I started my Cadetship in September 1989 when I was 18, one of the first intake of cadets to the Trinity House scheme. I had always wanted to go to sea when I was younger but had no real plan of how or where I was going to do it. I almost fell into the Trinity House scheme as I happened to be working round the corner from Trinity Square at the time. I had been tipped off by the Institute of Marine Engineers, who I had called into one lunchtime to figure out how I could go to sea. As it happened, at that time, there were a small handful of Cadetships that offered the best salary and the added bonus for Trinity House was the ability to go on a range of vessels.
I progressed through my Class 4,2 & 1 quickly. I had my Chief’s ticket at 25 and my first Chief’s job deep-sea on a refrigerated cargo ship when I was 26 in Jan 98. I sailed in that role for about 9 months and I realised during that time that my career had stalled at sea after less than ten years. There was nowhere else to go I terms of progression.
I did a two year HND and then my sea time in the third year of my cadetship. The system was slightly flawed back then in that nobody really appreciated the value of a degree if you wanted to progress onshore. That has now been rectified and the opportunities to transition straight from sea to shore based employment are much wider. I realised I needed additional qualifications and embarked on the final two years of a mechanical engineering degree at Strathclyde University. When I left I was looking for opportunities in marine consulting. A friend asked me to be Chief on a drilling rig for 10 days. I reluctantly said yes and finally left that company six years later. That was my introduction to the oil industry and in that time I went on to be a subsea engineer responsible the equipment that controls the flow from an oil well. I progressed from there into commercial roles. I also did an MBA at Strathclyde University by distance learning and graduated in 2010.
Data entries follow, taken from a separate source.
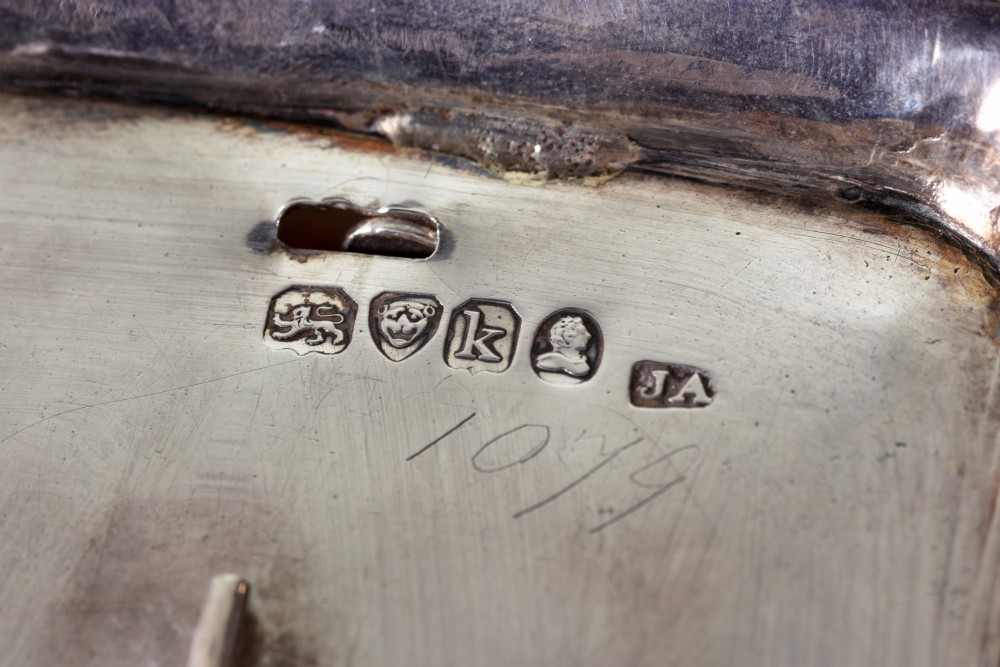 An Edwardian sterling silver desk stand with two cut-glass inkwells, a central chamber stick, and an engraved pen tray resting on paw feet. View VII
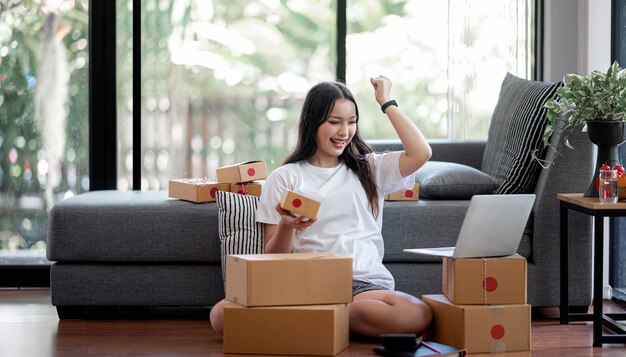 顧客からの新しい注文の後に幸せな若い美しい女性。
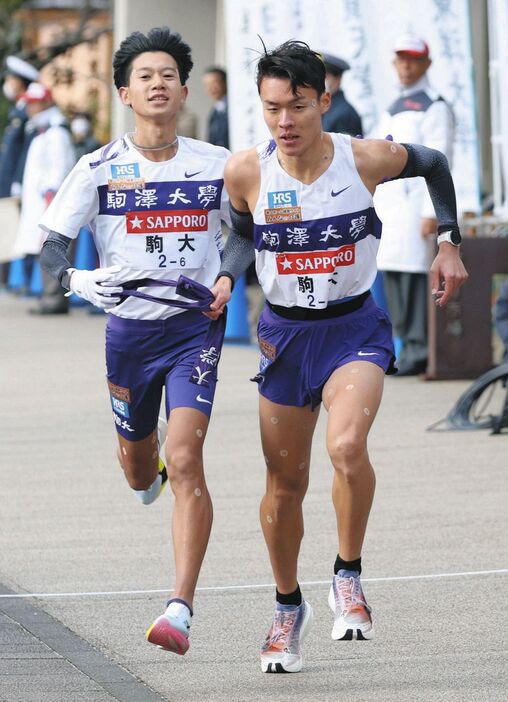 小田原中継所で伊藤蒼唯からたすきを受け取る駒大・佐藤圭汰（右）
I set up my own business in 2012 with Prof Colin MacFarlane who was my lecturer at University. Colin started his career as a shipwright in a shipyard on the Clyde. We realised that we could set ourselves apart from other companies because we had the mix of theoretical and practical. That was undoubtedly the greatest benefit of a career at sea. No other industry will give you that grounding in hands on practical skills and management. In anyone day you could be stripping down equipment and the next minute you are dealing with a multimillion pound budget and figuring out how best to spend it. All of this while hundreds of miles from land and nobody to help except the team on board. These type of skills are not that common, are in demand and something that is readily transferable to other industries. Look on being at sea as part of your development. Some will be at sea for their entire life, some for only short periods. All however, have a set of valuable skills that can’t be gained elsewhere. We have a team of 11 naval architects, engineers and mariners in Tymor Marine and when we hire, we look for practical experience. Having an engineer who is top of their class and knows all the theory is nowhere near as valuable as a person who has a good grasp of both.